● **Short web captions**
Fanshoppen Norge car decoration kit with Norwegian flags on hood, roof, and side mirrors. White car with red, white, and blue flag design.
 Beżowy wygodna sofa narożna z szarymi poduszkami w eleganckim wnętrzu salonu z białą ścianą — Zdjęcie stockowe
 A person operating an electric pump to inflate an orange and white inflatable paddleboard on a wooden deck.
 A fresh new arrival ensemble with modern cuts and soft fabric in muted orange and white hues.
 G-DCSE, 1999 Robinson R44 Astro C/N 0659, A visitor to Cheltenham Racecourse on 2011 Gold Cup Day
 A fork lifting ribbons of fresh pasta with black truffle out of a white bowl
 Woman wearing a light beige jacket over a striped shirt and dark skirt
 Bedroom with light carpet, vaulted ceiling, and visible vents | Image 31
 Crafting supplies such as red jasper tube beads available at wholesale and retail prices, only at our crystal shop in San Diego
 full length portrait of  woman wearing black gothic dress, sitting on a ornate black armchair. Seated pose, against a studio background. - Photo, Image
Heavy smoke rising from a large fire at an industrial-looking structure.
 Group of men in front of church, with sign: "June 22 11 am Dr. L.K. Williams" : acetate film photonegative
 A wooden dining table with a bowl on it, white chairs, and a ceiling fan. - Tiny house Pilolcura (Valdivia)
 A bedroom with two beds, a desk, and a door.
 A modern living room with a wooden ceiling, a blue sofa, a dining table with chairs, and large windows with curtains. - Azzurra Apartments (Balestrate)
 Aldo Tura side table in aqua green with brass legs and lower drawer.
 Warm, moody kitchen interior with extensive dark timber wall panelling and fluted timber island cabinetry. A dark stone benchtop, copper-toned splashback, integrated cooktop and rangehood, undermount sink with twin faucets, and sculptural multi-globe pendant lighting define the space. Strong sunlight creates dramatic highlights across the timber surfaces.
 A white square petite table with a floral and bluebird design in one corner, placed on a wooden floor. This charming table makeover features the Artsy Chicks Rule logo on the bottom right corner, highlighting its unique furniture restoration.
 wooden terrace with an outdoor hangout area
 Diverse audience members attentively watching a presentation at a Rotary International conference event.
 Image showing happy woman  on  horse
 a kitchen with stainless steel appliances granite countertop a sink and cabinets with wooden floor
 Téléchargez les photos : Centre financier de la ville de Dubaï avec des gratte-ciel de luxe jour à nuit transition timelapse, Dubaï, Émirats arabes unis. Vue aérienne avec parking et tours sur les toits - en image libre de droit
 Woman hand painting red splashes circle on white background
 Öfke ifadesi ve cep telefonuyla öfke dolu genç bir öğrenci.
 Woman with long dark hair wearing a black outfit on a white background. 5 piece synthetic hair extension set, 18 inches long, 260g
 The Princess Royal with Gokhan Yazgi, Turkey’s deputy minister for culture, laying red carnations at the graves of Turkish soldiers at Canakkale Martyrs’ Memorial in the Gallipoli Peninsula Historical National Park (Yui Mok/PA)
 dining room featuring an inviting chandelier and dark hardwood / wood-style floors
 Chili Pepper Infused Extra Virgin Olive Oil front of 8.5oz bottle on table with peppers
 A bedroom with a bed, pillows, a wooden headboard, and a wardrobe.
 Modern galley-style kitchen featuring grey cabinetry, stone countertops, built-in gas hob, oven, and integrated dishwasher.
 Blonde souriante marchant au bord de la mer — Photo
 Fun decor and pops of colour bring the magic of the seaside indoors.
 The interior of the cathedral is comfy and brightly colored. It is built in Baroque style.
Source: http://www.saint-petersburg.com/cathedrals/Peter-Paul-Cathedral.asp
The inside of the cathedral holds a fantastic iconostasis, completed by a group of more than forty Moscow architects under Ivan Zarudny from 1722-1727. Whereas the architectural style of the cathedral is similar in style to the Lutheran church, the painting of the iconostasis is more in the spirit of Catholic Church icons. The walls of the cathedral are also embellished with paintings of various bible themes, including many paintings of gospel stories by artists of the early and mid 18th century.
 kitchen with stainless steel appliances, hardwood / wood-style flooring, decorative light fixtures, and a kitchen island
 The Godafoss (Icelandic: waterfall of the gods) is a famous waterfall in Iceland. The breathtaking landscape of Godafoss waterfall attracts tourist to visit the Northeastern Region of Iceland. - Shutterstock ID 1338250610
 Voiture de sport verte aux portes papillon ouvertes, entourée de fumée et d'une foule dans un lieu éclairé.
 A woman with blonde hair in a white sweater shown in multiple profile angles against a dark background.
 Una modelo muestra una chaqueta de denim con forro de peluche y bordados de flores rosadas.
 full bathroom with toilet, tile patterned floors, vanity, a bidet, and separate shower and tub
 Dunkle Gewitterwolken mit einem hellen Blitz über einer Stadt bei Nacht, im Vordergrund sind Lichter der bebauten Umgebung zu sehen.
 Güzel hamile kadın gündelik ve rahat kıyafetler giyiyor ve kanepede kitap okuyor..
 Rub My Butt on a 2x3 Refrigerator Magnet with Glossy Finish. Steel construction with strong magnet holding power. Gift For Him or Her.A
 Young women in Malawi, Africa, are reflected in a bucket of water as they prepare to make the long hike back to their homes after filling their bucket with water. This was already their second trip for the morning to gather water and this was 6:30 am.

● **Task prompt**
Give back exactly the lines above starting at the line where "Group of men" appears and ending at the line where "A bedroom with two beds, a desk, and a door." appears, both included, with no other lines.

● **Task response**
 Group of men in front of church, with sign: "June 22 11 am Dr. L.K. Williams" : acetate film photonegative
 A wooden dining table with a bowl on it, white chairs, and a ceiling fan. - Tiny house Pilolcura (Valdivia)
 A bedroom with two beds, a desk, and a door.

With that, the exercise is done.